Un couple à qui la Ville de Drummondville ordonne de sacrifier une partie des légumes plantés devant sa maison n'a pas l'intention d'obtempérer. Ces potagers sont d'ailleurs permis dans plusieurs villes du Québec. S'agit-il d'un règlement désuet?

Michel Beauchamp et Josée Landry réclament le droit de cultiver des légumes devant leur résidence, mais la Ville affirme que ce potager contrevient à la réglementation municipale.

Au Québec, d'autres municipalités interdisent les potagers devant les maisons. C'est le cas notamment à Québec, à Longueuil, à Laval et à Terrebonne.

Or, il est permis d'avoir un jardin devant une résidence à Granby, à Montréal, à Saint-Hyacinthe, à Sherbrooke, à Trois-Rivières et à Victoriaville.

Cette histoire a suscité des réactions au Québec et ailleurs dans le monde. L'activiste américain et fondateur de Kitchen Gardeners International, qui a déjà convaincu le président Barack Obama de créer un potager à la Maison-Blanche, a notamment lancé une pétition internationale pour faire plier Drummondville.
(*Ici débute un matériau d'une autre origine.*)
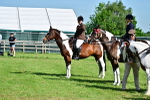 SBM_11711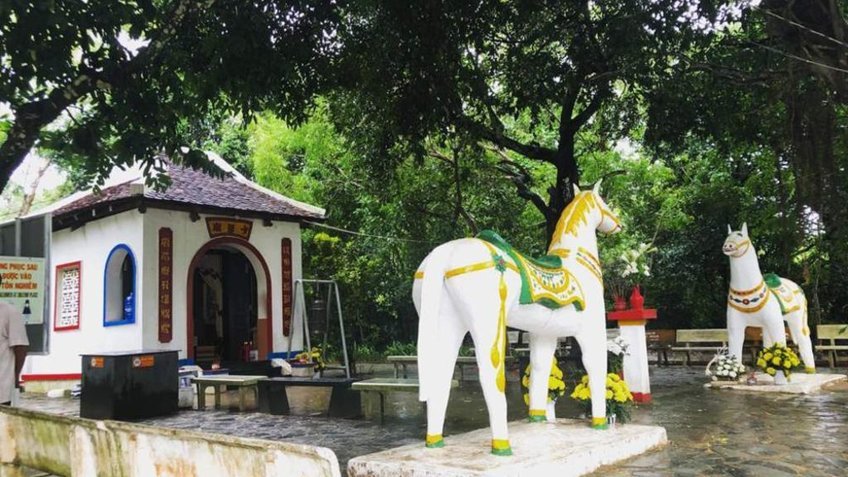Tour Côn Đảo 3 Ngày 2 Đêm | Khám Phá Di Tích Lịch Sử & Biển Đảo Hoang Sơ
Celui qui dirige l'organisme les AmiEs de la Terre de l'Estrie, André Nault, estime quant à lui que le combat du couple de Drummondville est juste. « On va devoir s'adapter par rapport aux nouvelles réalités auxquelles on fait face. J'espère que la réglementation va changer à cause d'une pression citoyenne », affirme-t-il.

Selon lui, l'agriculture urbaine est une tendance de plus en plus lourde. « Les aliments vont devenir prohibitifs parce qu'il y a beaucoup de spéculation par rapport à leur coût. Et [avec un potager], c'est directement une autonomie qu'on peut se procurer », explique André Nault, qui a converti sa pelouse en potager à l'avant de sa résidence de Sherbrooke.

La Ville de Drummondville est-elle à contre-courant? « Non, ils essaient tout simplement d'appliquer une réglementation existante, qui elle, est à contre-courant », dit-il, précisant que cette réglementation date des années 70-75.

La bataille d'un couple contre la Ville

Le potager a été aménagé en avril dernier devant la maison de Josée Landry et de Michel Beauchamp. Il occupe presque toute la surface devant la résidence et le couple dit s'être informé auprès des autorités municipales avant de construire le jardin.

Or, la Ville affirme qu'en aucun temps le personnel municipal n'a autorisé le couple à utiliser cet espace. Elle estime maintenant que le potager n'est pas conforme notamment parce qu'il se rend jusqu'en bordure de la rue.

La Ville a fait parvenir mercredi un nouvel avis de cinq jours au couple. Josée Landry et Michel Beauchamp ont jusqu'à dimanche pour dégager une bande et pour remettre du gazon sur 30 % de leur terrain.

La Ville compte adopter un règlement interdisant ce type d'aménagement en façade dès l'automne.

De son côté, Michel Beauchamp compte contester ce règlement.